Urapidil: Eprandil®); nach der Akutphase Umstellung auf moderne antihypertensive Therapie
mit ACE-Hemmern und/oder Ca-Antagonisten
- Ökonomisierung der Herztätigkeit (Digitalis? Rhythmisierung?)
- Normalisierung der Atemgase
Vermeidung von Sekundärkomplikationen
Thromboseprophylaxe: initial nur physikalisch, nach 24h Low-dose-Heparinisierung;
Immobilisieren nur bei klinisch-neurologischer Instabilität; außerdem Dekubitus-,
Pneumonie- und Ulkusprophylaxe
Korrektur von Gerinnungsstörungen
- Faktormangel: PPSB-Konzentrat Prothromplex® (Faktoren II, VII, IX, X) oder Frischplasma
- Überdosierung von Cumarinen: PPSB; Dosierung: Differenz zwischen aktuellem Quick-Wert
und Sollwert) x kgKG= Substitutionseinheiten, z.B. Prothromplex®
- Korrektur von Gerinnungsstörungen: Prothromplex®; Dosierung: Differenz zwischen
aktuellem Quick-Wert und Sollwert) x kgKG= Substitutionseinheiten
- Laufende Heparinisierung: Antagonisieren mit Protaminsulfat® (10mg Amp.)
- Schwere Thrombopenien: Thrombozytenkonzentrate
Hirndruckbehandlung
Operative Therapie
Kraniotomie und Ausräumung der Blutung sind angezeigt bei Kleinhirnblutungen, rasch
progedienter Hemisphärenblutung oder Zeichen der beginnenden Hirnstammeinklemmung (z.B.

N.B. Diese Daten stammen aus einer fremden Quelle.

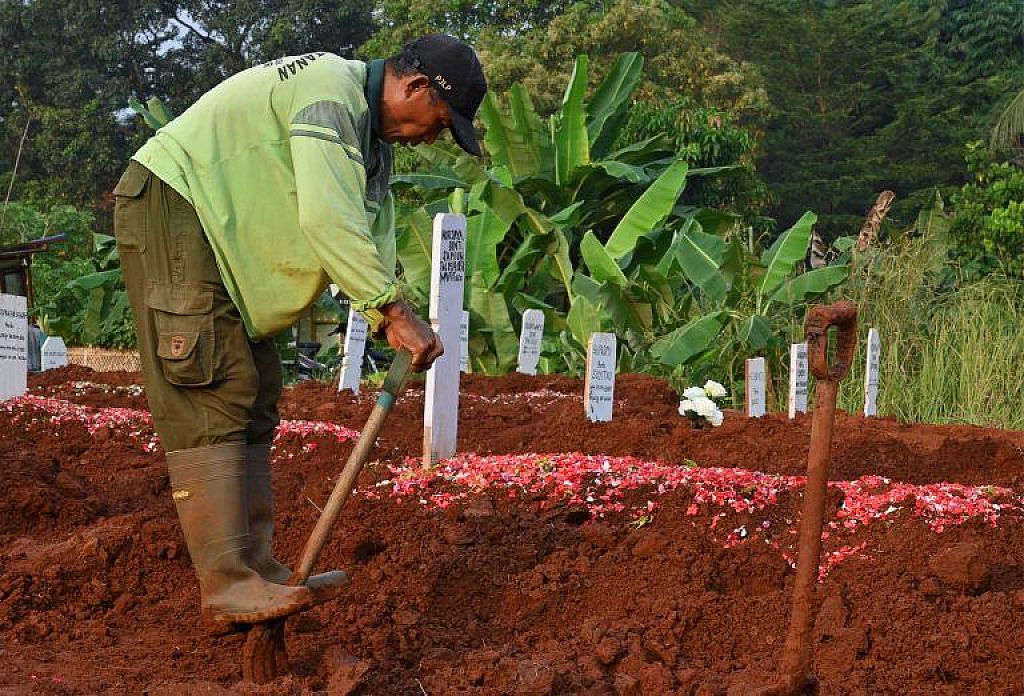Totengräber in Indonesien © APA, AP (1)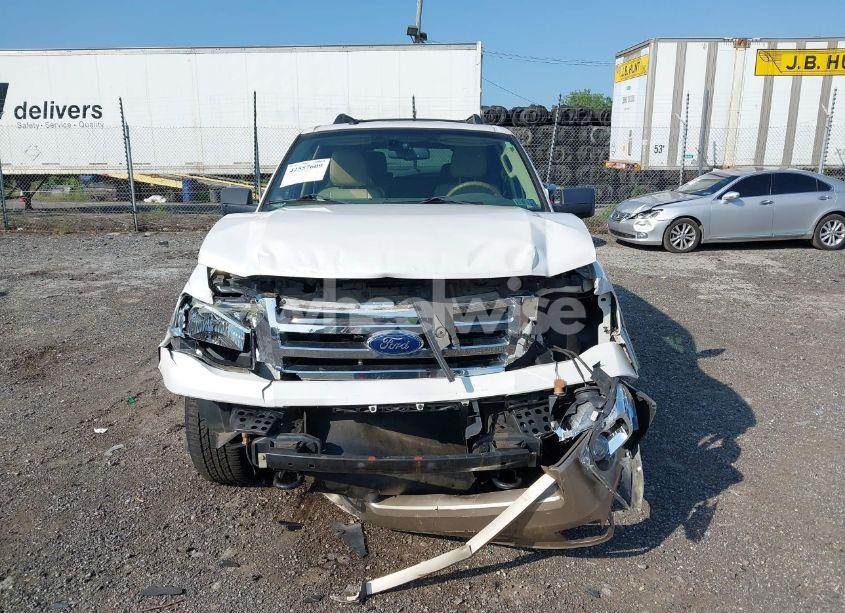 Photo 12 of 2012 Ford Expedition XLT (VIN 1FMJU1J53CEF10760)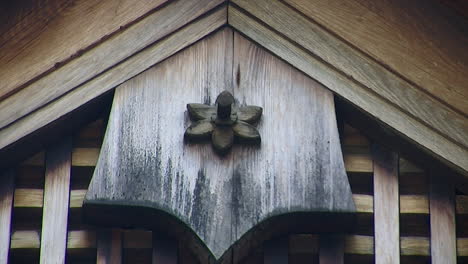Close-up-of-decorative-details-on-gable-of-Japanese-house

bilaterale Pyramidenbahnzeichen). Im CCT sprechen eine zunehmende Massenverlagerung, die
ein- oder doppelseitige Verlegung der perimesenzephalen Zisternen und ein
Stauungshydrozephalus für eine Operationsindikation. Alternativ zur Kraniotomie können
neuere Operationsverfahren wie die Trepanation und Absaugung unter Ultraschallkontrolle
oder die CT-stereotaktische Punktion und Drainage nach lokaler Fibrinolyse angewandt
werden.
- Ventrikeldrainage: Bei deutliche Erweiterung eines oder mehrerer
Ventrikel (z.B. Blockade eines Foramen Monroi) sollte die Ventrikeldrainage
veranlaßt werden. Auch im Frühstadium einer Ventrikelblutung kann die Ventrikeldrainage
lebensrettend sein.
- Keine Indikation zur chirurgischen Intervention besteht bei
bewußtlosen Patienten, schwerwiegenden neurologischen Ausfällen, bei Vorliegen einer
Gerinnungsstörung sowie bei Thalamushämatomen und Brückenblutungen.